Recently, several techniques have been developed to forecast the wind power and speed. Existing techniques can be classified as statistical, physical and time series modeling techniques based on the forecasting models they used [1]. Currently, it is observed that researchers employ a combination of statistical model and physical methods besides each other to get an optimal approach that is applicable for longer horizons of prediction systems. In these techniques statistical model plays auxiliary role to data collected by physical methods.

Although two major classes of methods have been recognized for the wind power forecasting, (in [2] and [3], comprehensive reviews of these techniques are presented), as mentioned earlier, combination of statistical and physical techniques are more common than the others [4, 5]. Besides, numerous other spatial correlation methods are proposed for short term wind power prediction with the goal of attaining higher prediction accuracy [6]. However, through the passage of time, more advanced and intelligent methods have been proposed. For instance, Artificial Neural Network (ANN) in [7,8,9], ANN with Gaussian process approximation and adaptive Bayesian learning in [10], combination of wavelet transform with ANN [11], fuzzy logic methods in [5, 12], Kalman filter in [13], support vector machine in [14], and adaptive neuro-fuzzy inference system (ANFIS) in [15] have been proposed for wind power prediction.
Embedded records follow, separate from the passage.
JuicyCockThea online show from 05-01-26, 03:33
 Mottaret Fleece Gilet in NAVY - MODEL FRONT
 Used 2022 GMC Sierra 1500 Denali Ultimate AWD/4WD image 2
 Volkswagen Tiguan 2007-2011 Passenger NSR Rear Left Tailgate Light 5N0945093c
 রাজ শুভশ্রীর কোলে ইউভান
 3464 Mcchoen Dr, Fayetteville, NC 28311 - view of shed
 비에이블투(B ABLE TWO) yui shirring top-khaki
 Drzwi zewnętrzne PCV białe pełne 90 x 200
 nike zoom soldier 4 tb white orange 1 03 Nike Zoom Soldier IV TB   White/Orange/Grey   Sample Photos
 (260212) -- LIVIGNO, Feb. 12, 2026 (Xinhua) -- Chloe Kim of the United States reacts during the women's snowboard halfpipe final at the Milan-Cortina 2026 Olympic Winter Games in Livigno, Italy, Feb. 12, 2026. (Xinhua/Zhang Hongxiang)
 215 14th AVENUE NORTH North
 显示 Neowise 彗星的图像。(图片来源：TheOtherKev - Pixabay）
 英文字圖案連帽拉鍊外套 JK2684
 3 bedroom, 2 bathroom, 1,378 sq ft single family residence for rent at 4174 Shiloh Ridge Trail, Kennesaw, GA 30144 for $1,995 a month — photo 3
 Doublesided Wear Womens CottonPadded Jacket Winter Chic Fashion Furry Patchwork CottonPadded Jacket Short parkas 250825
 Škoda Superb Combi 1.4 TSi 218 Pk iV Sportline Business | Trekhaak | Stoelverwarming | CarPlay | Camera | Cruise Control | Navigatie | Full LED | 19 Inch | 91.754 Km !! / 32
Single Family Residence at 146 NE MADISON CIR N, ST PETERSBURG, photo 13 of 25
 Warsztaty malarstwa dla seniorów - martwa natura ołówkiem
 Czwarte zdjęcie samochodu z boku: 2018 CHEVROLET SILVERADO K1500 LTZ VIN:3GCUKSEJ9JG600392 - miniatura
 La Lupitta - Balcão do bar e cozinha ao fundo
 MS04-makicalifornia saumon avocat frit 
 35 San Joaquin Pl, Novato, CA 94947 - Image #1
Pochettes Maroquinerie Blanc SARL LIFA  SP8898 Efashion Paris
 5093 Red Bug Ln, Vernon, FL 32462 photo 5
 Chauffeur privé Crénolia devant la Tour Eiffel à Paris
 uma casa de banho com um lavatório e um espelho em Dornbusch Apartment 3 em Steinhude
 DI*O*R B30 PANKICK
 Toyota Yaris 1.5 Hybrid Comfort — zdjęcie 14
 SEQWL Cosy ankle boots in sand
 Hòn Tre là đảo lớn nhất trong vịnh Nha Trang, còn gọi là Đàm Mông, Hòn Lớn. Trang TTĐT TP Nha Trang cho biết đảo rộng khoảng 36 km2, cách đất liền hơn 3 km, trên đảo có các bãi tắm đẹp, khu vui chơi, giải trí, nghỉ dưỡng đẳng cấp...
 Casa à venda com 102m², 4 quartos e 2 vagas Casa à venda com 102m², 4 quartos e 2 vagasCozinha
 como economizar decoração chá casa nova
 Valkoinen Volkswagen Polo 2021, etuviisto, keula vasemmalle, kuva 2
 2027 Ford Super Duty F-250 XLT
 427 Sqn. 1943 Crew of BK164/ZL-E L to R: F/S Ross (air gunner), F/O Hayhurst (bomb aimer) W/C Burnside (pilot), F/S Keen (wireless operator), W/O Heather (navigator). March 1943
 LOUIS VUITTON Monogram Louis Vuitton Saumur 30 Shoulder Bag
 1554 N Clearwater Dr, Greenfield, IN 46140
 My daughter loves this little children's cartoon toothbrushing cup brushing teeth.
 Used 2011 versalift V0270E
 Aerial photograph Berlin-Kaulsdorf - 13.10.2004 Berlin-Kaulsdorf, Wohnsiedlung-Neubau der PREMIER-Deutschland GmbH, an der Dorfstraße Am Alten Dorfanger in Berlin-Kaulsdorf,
Regarding the available research works in the area, new forecasting approaches and techniques of input–output data manipulations are still in demand in order to enhance prediction accuracy and decrease the uncertainty in wind power forecasting, while keeping practically acceptable computation time. This objective leads to the new double-stage hybrid approach proposed in this research paper to utilize both statistical (wind farm SCADA records) and physical (NWP meteorological variables) data sources for achieving an effective and more accurate short-term wind power forecaster model.

In this paper, a new effective short-term wind power forecasting approach based on a double stage hierarchical ANFIS is proposed. The proposed approach utilizes Back Propagation (BP) algorithm to optimize the parameters of the membership functions of fuzzy inference system to achieve a lower error.

The proposed methodology has two hierarchical ANFIS stages. In the first stage, ANFIS is implemented to predict wind speed at the exact height of the wind turbine hub at the point of wind farm installation. In this phase, forecasted meteorological variables (wind speed, wind direction, air pressure, air temperature and humidity) from NWP model as inputs and actual wind speed measurement recorded by the wind farm SCADA as output are utilized to train the ANFIS. In the second stage, ANFIS is developed to map the wind turbine wind speed vs. wind power characteristics based on real operational conditions. Actual wind speed and power measurements recorded by the wind farm SCADA are used, respectively, as input and output to train the ANFIS in this stage. Then, the forecasted wind speed by the ANFIS model in the first stage is applied to the developed (trained) ANFIS model in the second stage in order to estimate the next day wind power output of the wind farm.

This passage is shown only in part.